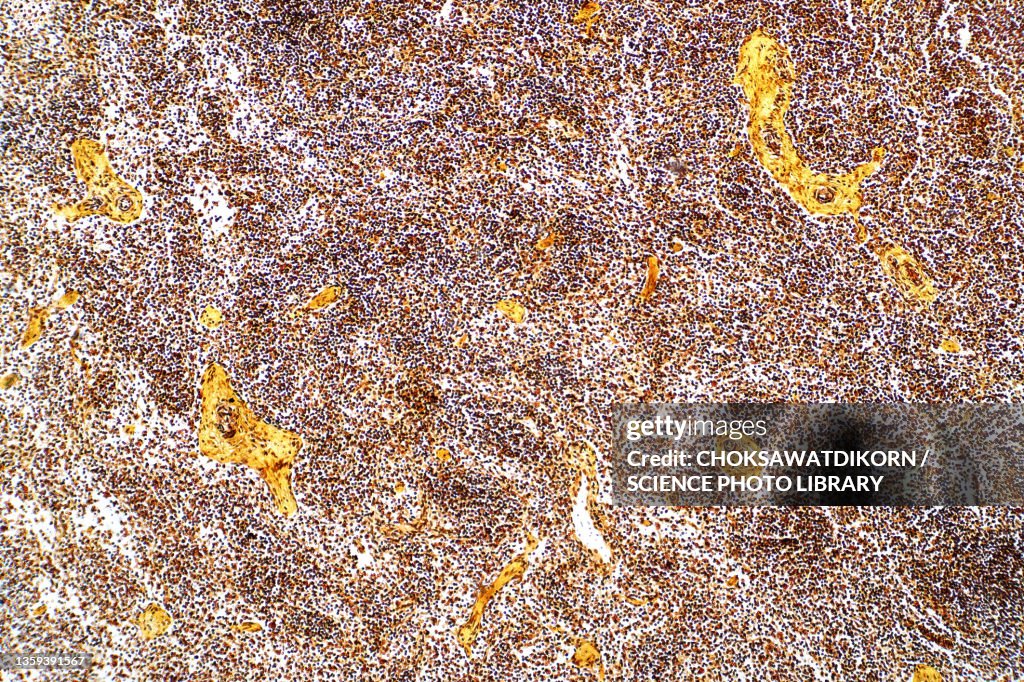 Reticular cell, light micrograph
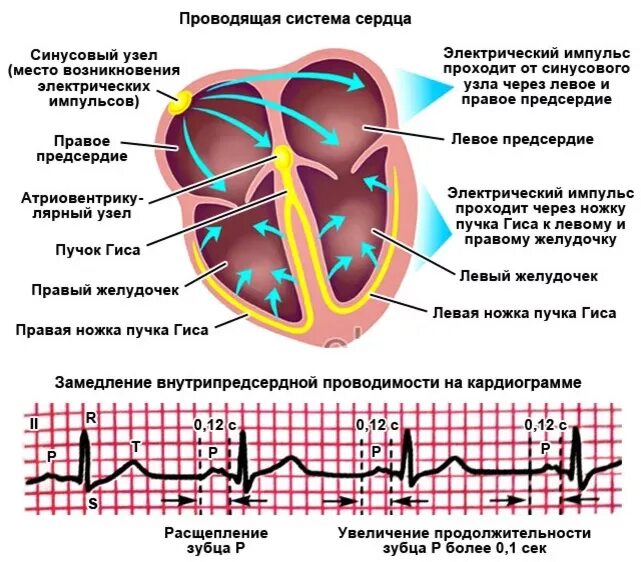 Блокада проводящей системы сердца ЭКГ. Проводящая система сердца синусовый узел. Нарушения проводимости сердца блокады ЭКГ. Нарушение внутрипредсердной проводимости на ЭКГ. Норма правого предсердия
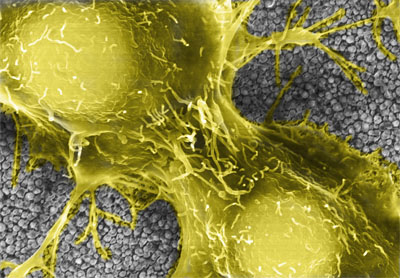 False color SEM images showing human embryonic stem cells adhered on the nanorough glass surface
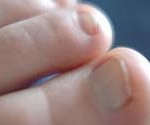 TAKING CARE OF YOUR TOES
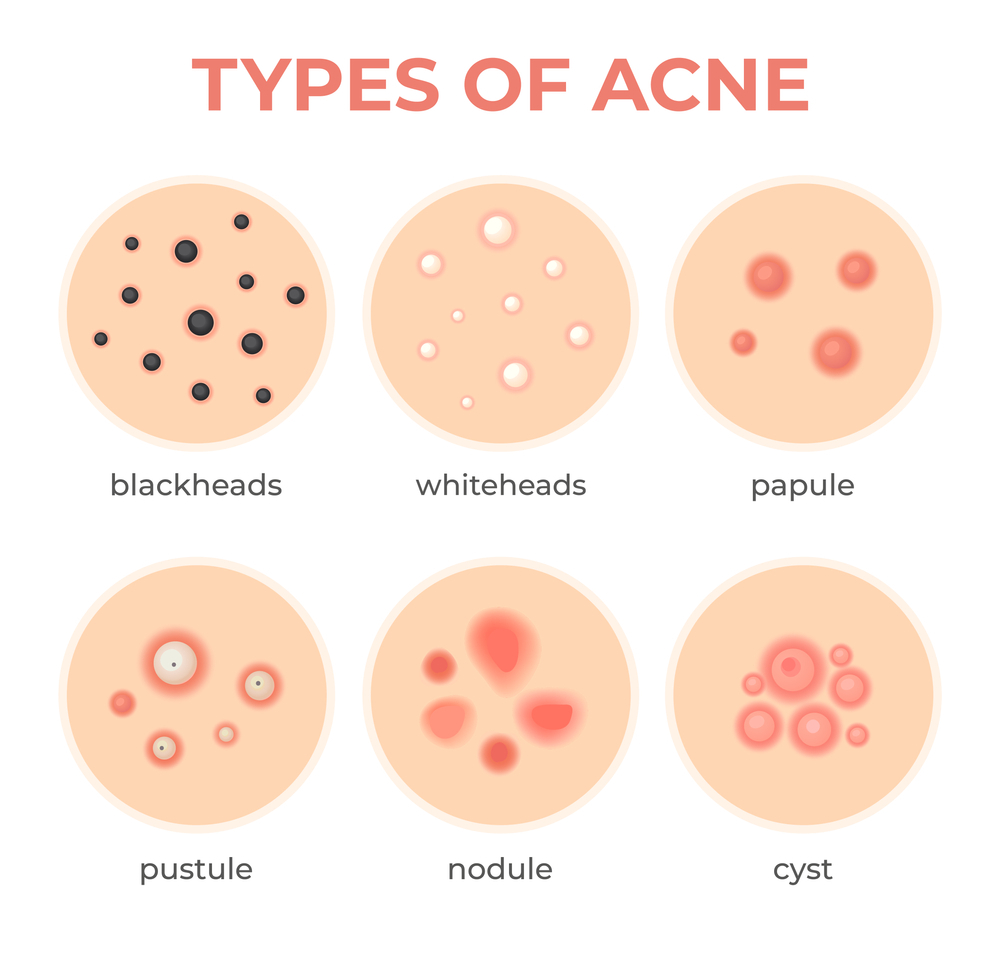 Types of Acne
---
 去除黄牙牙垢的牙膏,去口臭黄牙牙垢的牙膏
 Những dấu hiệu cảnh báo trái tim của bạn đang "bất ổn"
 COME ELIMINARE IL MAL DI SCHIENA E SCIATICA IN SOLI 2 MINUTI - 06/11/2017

● **Try it**
In the entries above, find the line containing "Reticular cell, light micrograph" and the line containing "Types of Acne"; give again exactly those two lines and every line between them, minus the pictures.

● **Exercise result**
 Reticular cell, light micrograph
 Блокада проводящей системы сердца ЭКГ. Проводящая система сердца синусовый узел. Нарушения проводимости сердца блокады ЭКГ. Нарушение внутрипредсердной проводимости на ЭКГ. Норма правого предсердия
 False color SEM images showing human embryonic stem cells adhered on the nanorough glass surface
 TAKING CARE OF YOUR TOES
 Types of Acne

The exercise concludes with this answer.